AWU: A union too far away

July 20, 1994
Issue 

AWU: A union too far away

By Cameron Parker

SYDNEY — "What sort of workers movement is it when the 20 superunions in Australia only represent one group in society — the employers?", asked Bob Fuge at a Rank and File Alliance public meeting held here on July 9. Fuge is not alone in his concern: he and other Victorian shearers voted on May 1 this year in Ballarat to abandon the Australian Workers' Union and form the Shearers and Rural Workers Union.

"We were frustrated with the AWU", explained Bob, "they've forgotten their pastoral side. There hasn't been a pay rise for shearers in over three years, and in that time we've been forced to trade-off our weekends and daily rates for hourly rates of pay. Yet only recently AWU organisers in Queensland have given themselves a 5% productivity increase!"

The AWU is one of the biggest unions in Australia, the product of years of amalgamations between pastoral, mining, oil, tourism, hospitality and construction industry unions. Shearers, once the backbone of the AWU, now represent only about 6% of the union's membership.

"The SRWU is for all pastoral workers — shearers, fruit pickers, station hands, rouseabouts — anyone who works on the land, says Fuge. Currently the SRWU is based only in Victoria. Pastoral workers generally are not centred at the one workplace, so the idea of branches of the SRWU being formed in other States is having a ripple effect. Shearers from Queensland, currently working in outback Victoria, are taking the idea of starting their own branch of the SRWU back home with them. With the shearing season only just beginning, officials from the SRWU are already looking at having a branch set up in New South Wales.

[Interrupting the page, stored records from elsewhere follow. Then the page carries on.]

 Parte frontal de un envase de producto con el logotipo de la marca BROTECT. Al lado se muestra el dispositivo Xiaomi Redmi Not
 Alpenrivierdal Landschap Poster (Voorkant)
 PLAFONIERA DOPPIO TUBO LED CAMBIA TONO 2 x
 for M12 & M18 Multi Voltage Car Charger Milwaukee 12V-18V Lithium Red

Conditions in the pastoral sector are described by Bob Fuge as like living in the Third World. "There's 45 degree heat inside the [shearing] shed. Near the end of the day we have to run the water for ten minutes before we can have something resembling a cold shower. At night in our living quarters the dust blows through the walls and you can see the sky through gaps in the ceiling."

Nor are conditions any better for other pastoral workers. Poorly paid fruit pickers "have to provide their own gear, work incredibly long days then go to sleep under a tree somewhere", Fuge reports.

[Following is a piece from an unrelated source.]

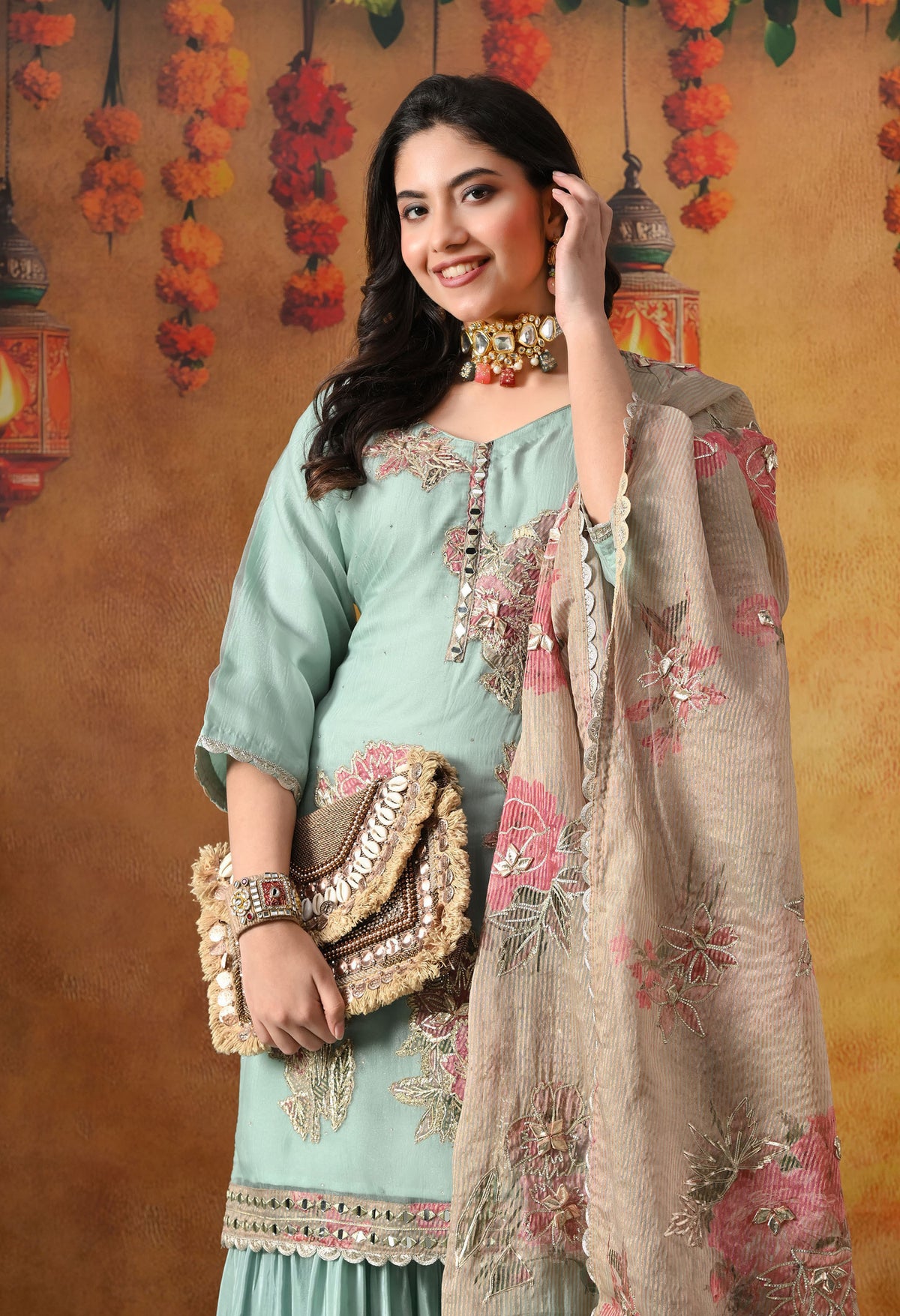Pistachio Green Crust Tissue Gharara Set with Contrasting Brown Dupatta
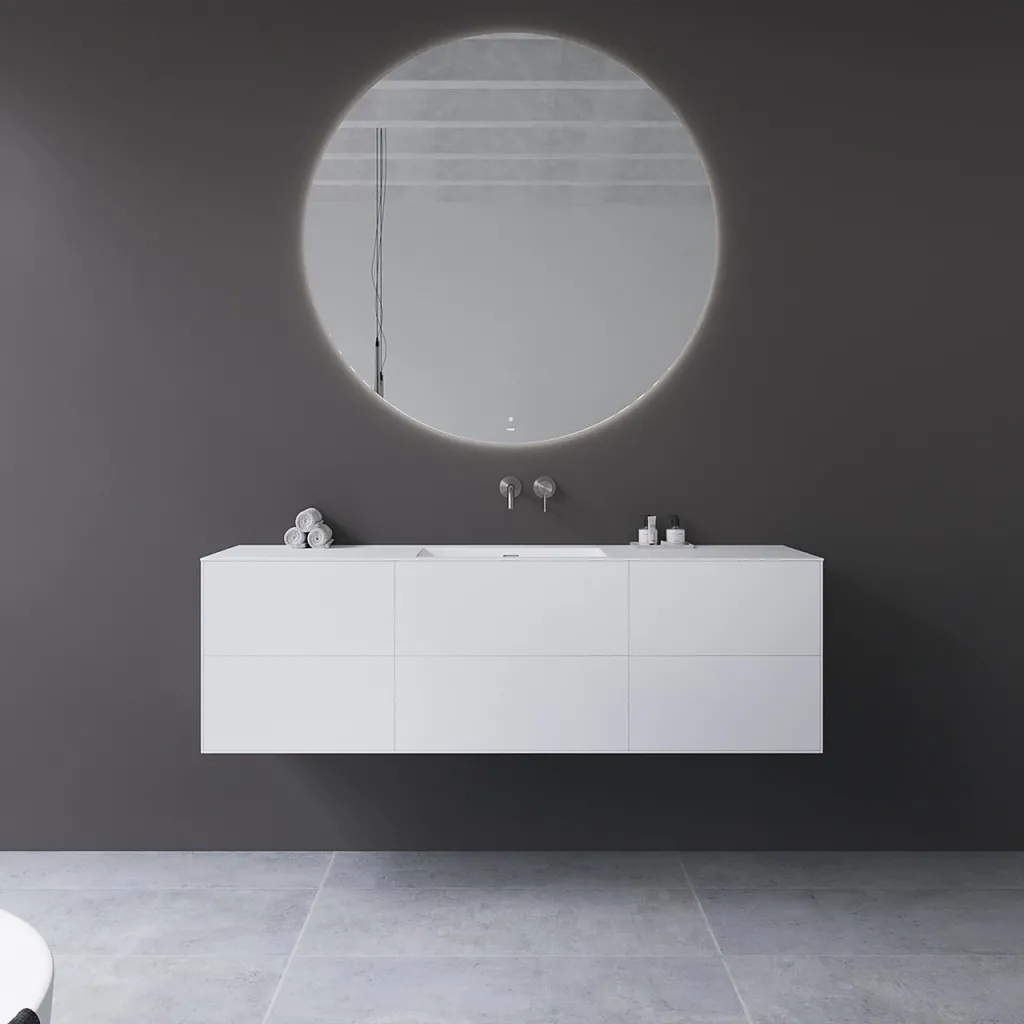 Copenhagen Chic 160 - MKII, Skåp, 6 lådor, diskho och stomme i Glacier White Corian® och fronter i mattvitt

The AWU's dues rate for all pastoral workers, whose work is seasonal and usually lasts only six months, is $190 regardless of how much work or rate of pay a worker gets.

At the beginning of 1994 the AWU changed its system of collecting this fee from its members. Previously AWU organisers went from workplace to workplace collecting dues and renewing membership cards, called tickets. A ticket is invaluable to a shearer because it proves that they are qualified to do the work.

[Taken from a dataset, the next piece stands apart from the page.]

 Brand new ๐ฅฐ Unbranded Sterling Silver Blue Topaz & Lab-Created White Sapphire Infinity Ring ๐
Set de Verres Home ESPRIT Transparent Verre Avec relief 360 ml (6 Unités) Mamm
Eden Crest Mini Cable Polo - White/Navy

Some shearers waiting for an organiser to show up to renew their ticket have instead received letters in the mail from a debt collecting agency on behalf of the AWU threatening legal action if they do not pay within 14 days.

Bob Fuge views this as incredibly unfair: "The AWU sacked its last pastoral organiser and replaced him with an unticketed construction worker". To Bob and other shearers the AWU is just too out of touch and unable to properly represent the needs of pastoral workers.